Sommerfest – bietet sich an, wenn man mal wieder alle Mitglieder sehen möchte.
Im November veranstalten wir einen Informationsabend und stellen uns der Öffentlichkeit im gut gefüllten „Honigdieb“ in Klockenhagen vor. Etwa 70 Nachbarn, Anwohner und andere Interessierte, auch Stadtvertreter von Ribnitz-Damgarten hören unsere Vorträge zu Glyphosat und unserer besonderen, schützenswerten Region (Hotspot 29, „Schatz an der Küste“) und kommen mit uns ins Gespräch.

 

Jahresüberblick 2016


Auch schon im Vorjahr bemühten wir uns, mit unserem Landwirt ins Gespräch zu kommen. In diesem Jahr finden endlich mehrere Treffen statt. Wir stellen unsere Befürchtungen und ersten Ziele vor (z.B. Abstandsstreifen zu unseren Häusern) und hören von seiner Seite ökonomische Argumente und die Gewissheit, gesetzeskonform zu handeln.

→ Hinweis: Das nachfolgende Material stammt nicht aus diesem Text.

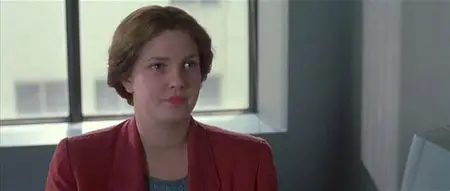 Never Been Kissed (1999) [Repost]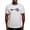 Ash Gray, variant on CafePress - Pepsi Spirit Can Light T Shirt - Men's Classic Cotton T-Shirts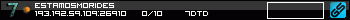 350x20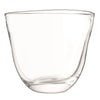 Celebrate Dual Champagne Bucket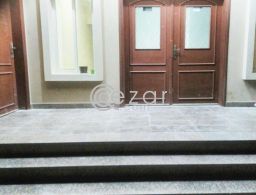 Neat & Clean 1BHK Apartment for Rent for rent in Qatar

Einig sind wir uns über die Hinzuziehung der Ostseestiftung, die Koordinator im Hotspotgebiet ist. In diesem Gespräch werden Fördermöglichkeiten und die Erstellung eines Konzeptes zur Betriebsumstellung von Seiten der Ostseestiftung in Aussicht gestellt. Die zuvor besprochenen Abstandsstreifen kommen leider nicht zum Beschluss, weil der Landwirt das Gespräch wegen einer kritischen Nachfrage zum Fahrsilo abbricht.
Im Mai gibt es wieder eine gut besuchte Veranstaltung im Honigdieb. Ein Referent vom BUND MV stellt seine wissenschaftliche Studie „Pflanzenschutzmittel in Kleingewässern vor“, die belegt, dass diese Pestizide nicht einfach verschwinden, auch Glyphosat nicht, sondern Lebensräume belasten. Anschließend gibt es eine lebhafte, auch kontroverse Podiumsdiskussion. Wir knüpfen Kontakte zu Aktiven aus dem Raum Stralsund/Rügen.

 

Jahresüberblick 2017


Unsere Homepage nimmt Gestalt an. Hier wollen wir informieren und die Möglichkeit zur Kontaktaufnahme bieten.
Den natürlichen Reichtum und die kulturellen Reize unserer Dörfer und Region planen wir in einem Prospekt herauszustellen.
Unser langfristiges Ziel einer ökologischen Landwirtschaft verfolgen wir weiter. Dafür mischen wir uns auch politisch ein und vor allem:
Wir bleiben für alle gesprächsbereit.